Sunday, April 13, 2008

Motivation

I noticed this page, 5 Great Reasons to Learn a Language! [LanguageWorld - 29 February 2008] on my web wanderings and it brought back to mind that conundrum that learning another language undeniably takes commitment and persistence but for many English-spaking students it is inherently boring, hard, not as motivating as sports, media attractions, socialising in their first language, even other school subjects!

It takes motivation to begin a foreign language and motivation to stay with it. Teachers can work hard to make the class experience pleasurable and satisfying, reassure students of the rewards and promote languages to the school community and through the media but ... our retention rates show we fail (with notable exceptions.
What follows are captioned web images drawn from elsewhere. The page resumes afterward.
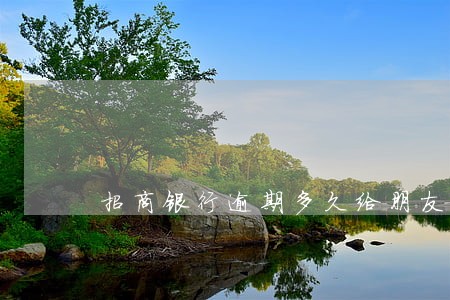 招商银行逾期多久给朋友打电话 招商银行逾期多久给朋友打电话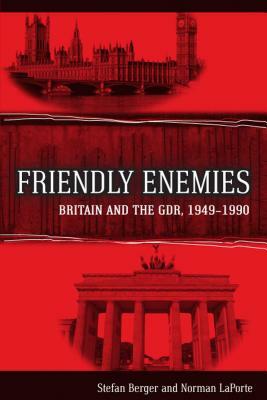 Friendly Enemies: Britain and the Gdr, 1949-1990 by Norman Laporte, Stefan Berger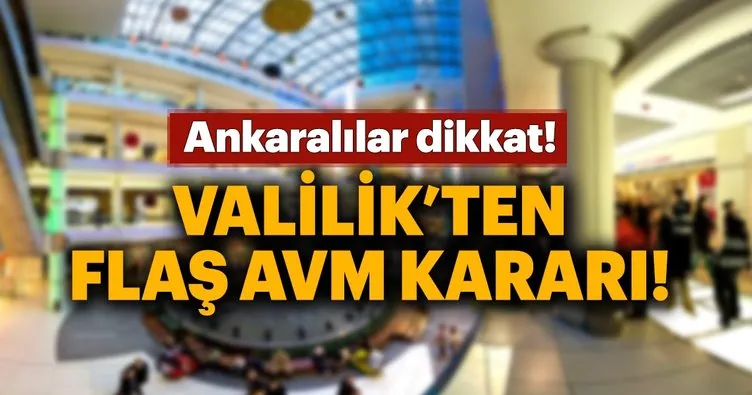 Son Dakika Haber: Ankara Valiliği karar aldı! AVM’ler bayramın 1’inci günü kapalı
I think we need one of the Online Seminars during IYL to be about motivation of Australian students in languages study. Who has ideas? Does anyone among us have some sure-fire methods for motivating? Different for different levels and different children? Or, in a country averse to languages study, are compulsion at school, extra points for uni entry and overseas study scholarships the way to go? Contact me if you would like to speak in a motivation forum.
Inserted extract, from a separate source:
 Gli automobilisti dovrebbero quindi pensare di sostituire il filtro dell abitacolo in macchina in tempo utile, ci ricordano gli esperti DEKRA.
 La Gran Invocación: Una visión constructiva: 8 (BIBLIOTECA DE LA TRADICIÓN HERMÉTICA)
P.S. A senior academic at my uni said he would not like to see compulsion for any field of study; he does not believe in "re-education camps". Let the market decide; do a good job of selling your subject. I tended to agree with this democratic sentiment at the time but since I have thought, e-duc-ation itself means leadership. It means the current adult generation make their best informed decision about what the rising generation need to learn. And surely there are many many things we want children to learn, and insist they do for their own sake: from crossing the street safely to reading and writing and respectful relations with others. If languages are vital to our society's future, why are we so frightened of making languages study mandatory? Or at least, so thoroughly supported and rewarded, it amounts to society-wide endorsement? Why won't we do this?

3 comments:

tannereg said...

lets get away from the high expectations of TEE level language and focus on language as a practical tool for students - more schools need to offer language for industry or just communication. we cannot continue to try and compete agains electives such as D&T or digital photography. Even with bonuses etc the numbers will not rise significantly. only the very few will actually study langs at uni - most students I see intend continuing langs as part of another degree if they haven't been put off by the irrelevancies of TEE language.

cheers!

tannereg said...

Hi - well, as I see it and I am only a very new head of languages at a private boys' school we on a loosing streak because we are non-compulsory and are fighting for students along with digital photography, D&T etc but not only that, year 2 exams are written by university professors/lecturers who are a bit "precious" about what they think is a TEE paper! The level these people expect our students to operate at is ludicrous unless you are destined for studying langs at uni of course. Lets make the teaching and learning of languages more practical and industry based and I am sure we will get higher numbers. Many students would take a unit of langs once at uni but don't bother with TEE because they simply cannot get the mark despite our best efforts!

Cheers!

Phil Mahnken said...

I find myself torn on this issue. When I was teaching in schools I resented university people thinking they could dictate via Schools Boards etc what should be done in school language programs with little first hand experience of the lived reality of schools. Mind you, I was always disappointed with the linguistic proficiency levels students attained no matter "how hard I taught", how much fun I injected into the programme, or how rigorous, or what texts and other resources we used. The day of solid guaranteed academic progress passed when languages became optional, schools became comprehensive, and we all liberalised our attitudes ("better they be happy and safe at non-elitist schools than oppressed, fearful and resentful as in olden days/our day"). Since moving to universities, since finding that learners really can make rapid, very satisfying and respectable gains in language proficiency (testable, demonstrable, oral and written) if the approach is sound and they commit themselves, I find myself looking at schools with a sense of hopelessness. [And plenty of school teacher mates agree.] Is it tertiary entrance exams that are the bugbear? I say toss them if they are - but will you put in place some other standard so we can believe in your courses and outcomes? Or is there a decline of standards (in many disciplines, not just languages, at school and at universities)? I don't want to be a grumpy old man nor do I want us to kid ourselves.